The models for the control processes start with the Schrodinger equation for the molecule in interaction with a laser field that is treated either as a classical or as a quantized electromagnetic field. In Section II we describe the Floquet formalism, and we show how it can be used to establish the relation between the semiclassical model and a quantized representation that allows us to describe explicitly the exchange of photons. The molecule in interaction with the photon field is described by a time-independent Floquet Hamiltonian, which is essentially equivalent to the time-dependent semiclassical Hamiltonian. The analysis of the effect of the coupling with the field can thus be done by methods of stationary perturbation theory, instead of the time-dependent one used in the semiclassical description. In Section III we describe an approach to perturbation theory that is based on applying unitary transformations that simplify the problem. The method is an iterative construction of unitary transformations that reduce the size of the coupling terms. This procedure allows us to detect in a simple way dynamical or field induced resonances—that is, resonances that... 

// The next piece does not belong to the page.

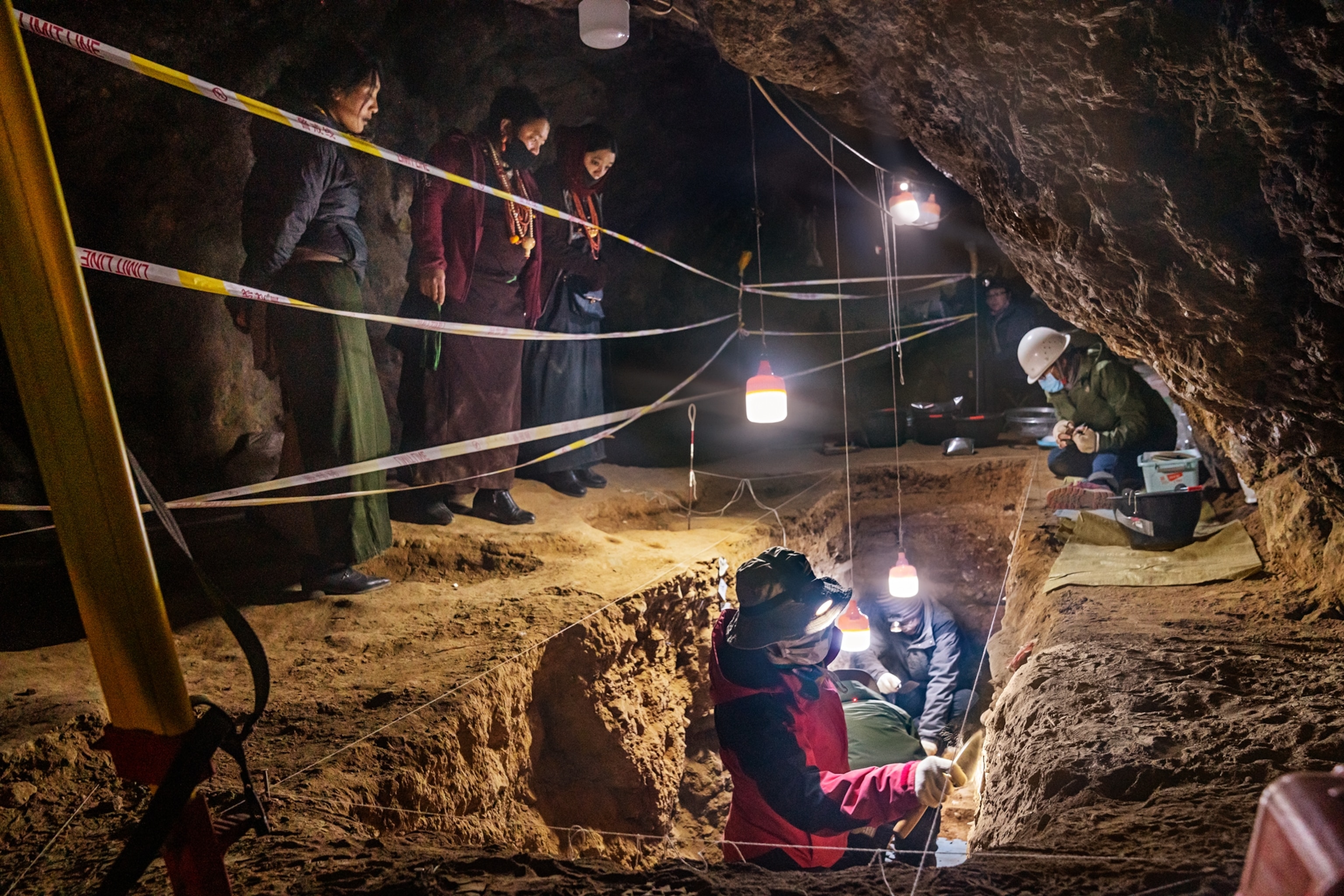A team of people working inside of a cave.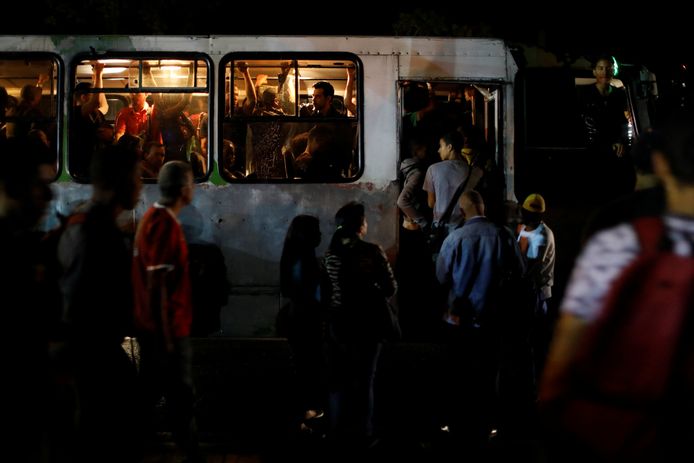 In het donker nemen mensen de bus tijdens de stroomuitval in Venezuela.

Since in the Floquet representation the Hamiltonian K defined on the enlarged Hilbert space is time-independent, the analysis of the effect of perturbations (like, e.g., transition probabilities) can be done by stationary perturbation theory, instead of the usual time-dependent one. Here we will present a formulation of stationary perturbation theory based on the iteration of unitary transformations (called contact transformations or KAM transformations) constructed such that the form of the Hamiltonian gets simplified. It is referred to as the KAM technique. The results are not very different from the ones of Rayleigh-Schrodinger perturbation theory, but conceptually and in terms of speed of convergence they have some advantages. 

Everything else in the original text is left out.